„Batman. Detective Comics” tom 1: „Mitologia” – recenzja komiksu

W ubiegłym miesiącu do sprzedaży trafił pierwszy tom serii „Detective Comics”, wydawanej w ramach linii Uniwersum DC. Za nowy kierunek w opowieściach o Batmanie odpowiadają scenarzysta Peter J. Tomasi („Superman”) i rysownik Doug Mahnke („Liga Sprawiedliwości”). Zapraszamy do lektury naszej recenzji.

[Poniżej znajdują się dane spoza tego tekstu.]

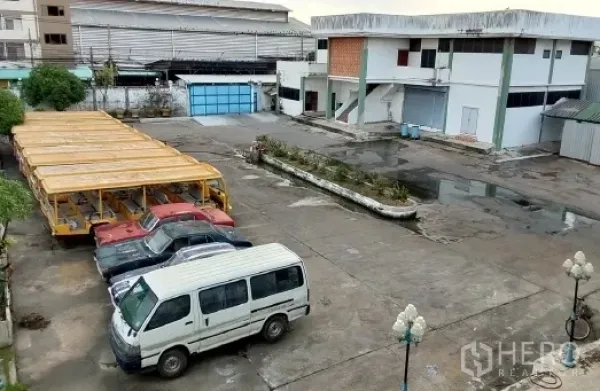 工厂 出售在Bang Phli, Samut Prakan - 俯瞰宽阔的混凝土场地，停放多辆车辆与长形棚架。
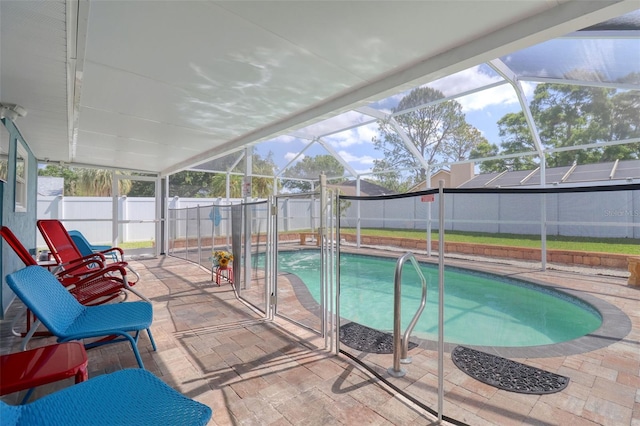 view of swimming pool featuring a fenced in pool, a fenced backyard, glass enclosure, and a patio area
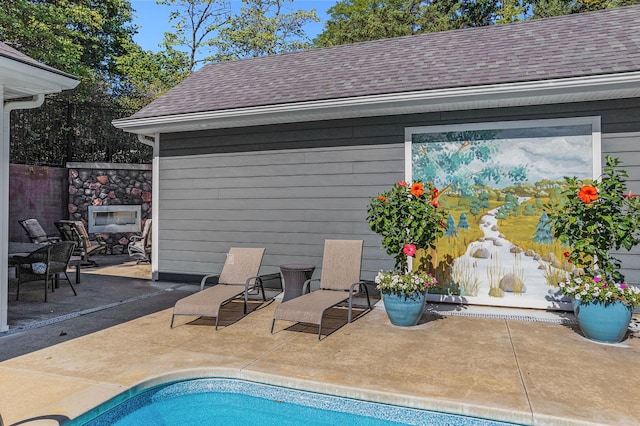 view of swimming pool featuring a patio area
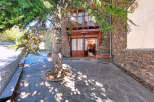 Discover the charm of this stunning property, featuring a beautiful stone facade and a welcoming entrance.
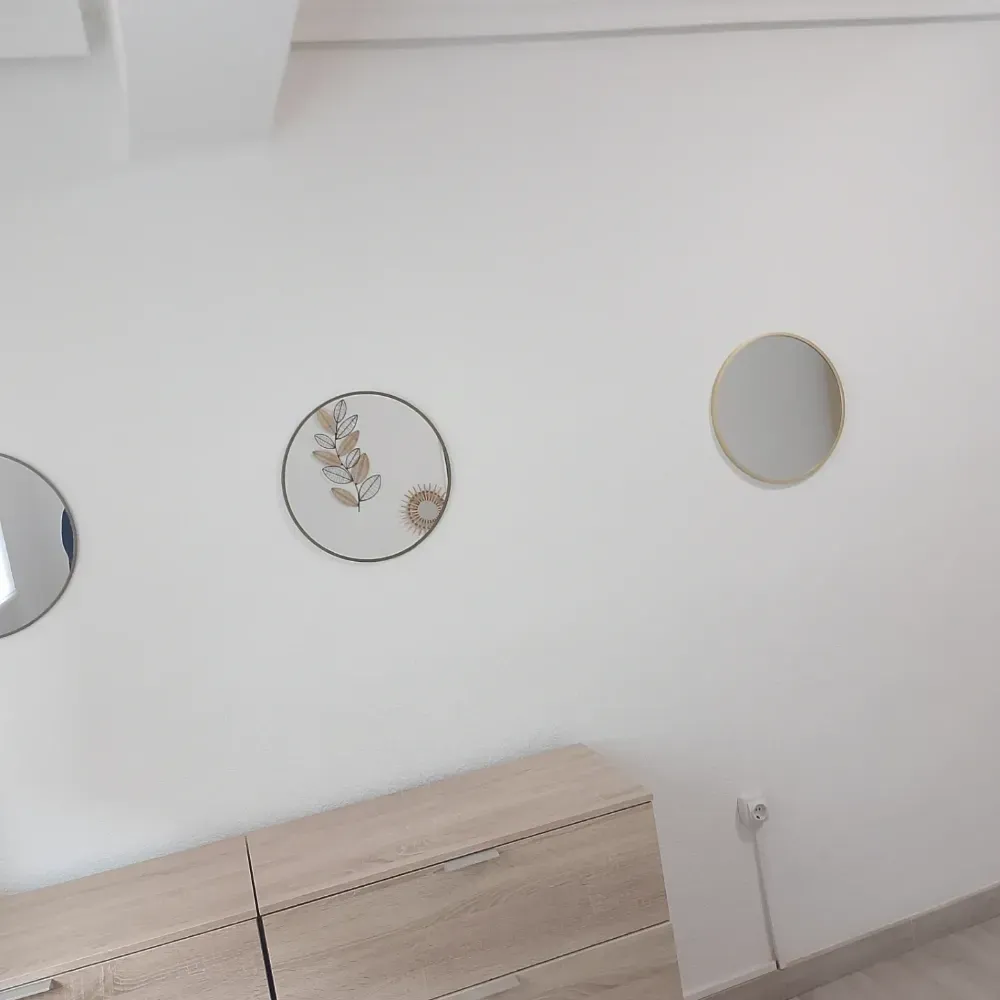 Pared blanca con tres espejos redondos sobre una cómoda de madera clara en una habitación minimalista.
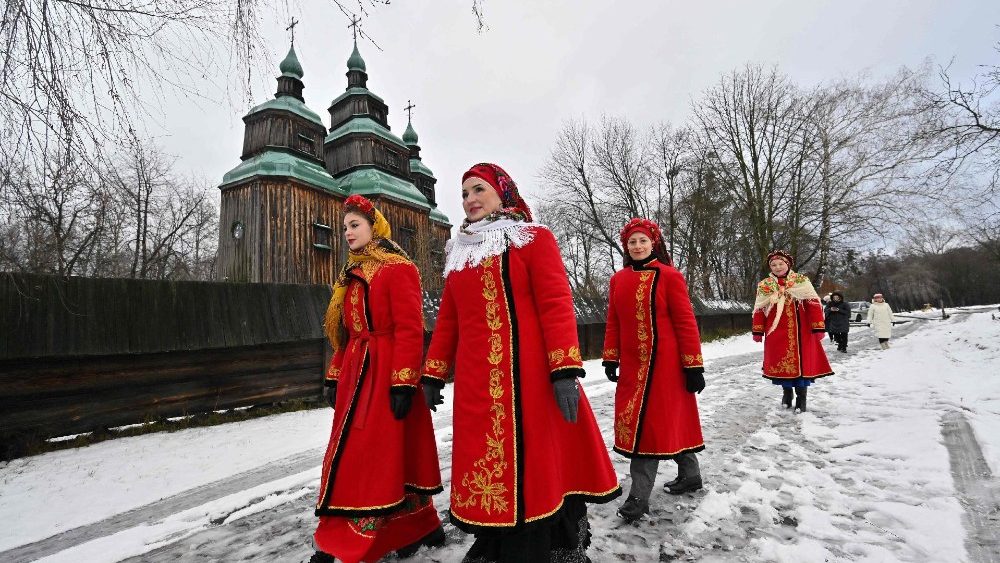 Mulheres, vestindo roupas tradicionais ucranianas, caminham por uma rua coberta de neve enquanto participam das celebrações de Natal na vila de Pyrogove, perto de Kiev, em 25 de dezembro de 2023, em meio à invasão russa na Ucrânia. A Ucrânia celebra o Natal em 25 de dezembro de 2023 pela primeira vez, depois de o governo ter alterado a data de 7 de janeiro, data em que a maioria dos crentes ortodoxos celebra, numa afronta à Rússia. (Foto de Sergei SUPINSKY/AFP)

Opowieść-geneza Batmana wrosła w kanon popkultury tak głębokimi korzeniami, że każda kolejna wycieczka do wnętrza traumy Bruce’a Wayne’a ryzykuje posądzenie o szablonowość i autoplagiatowe rutyniarstwo. W konsekwencji pierwszy tom nowego życia serii „Detective Comics” zerka do wnętrza Mrocznego Rycerza w nieco inny sposób. Peter J. Tomasi usiłuje prześwietlić motywacje Batmana, raz jeszcze przetłumaczyć jego fundamentalne wartości na potrzeby... no właśnie, czyje? Autor zadaje w nowym komiksie szereg ciekawych pytań, tylko by opatrzyć je na końcu oklepaną codą. Ale po kolei.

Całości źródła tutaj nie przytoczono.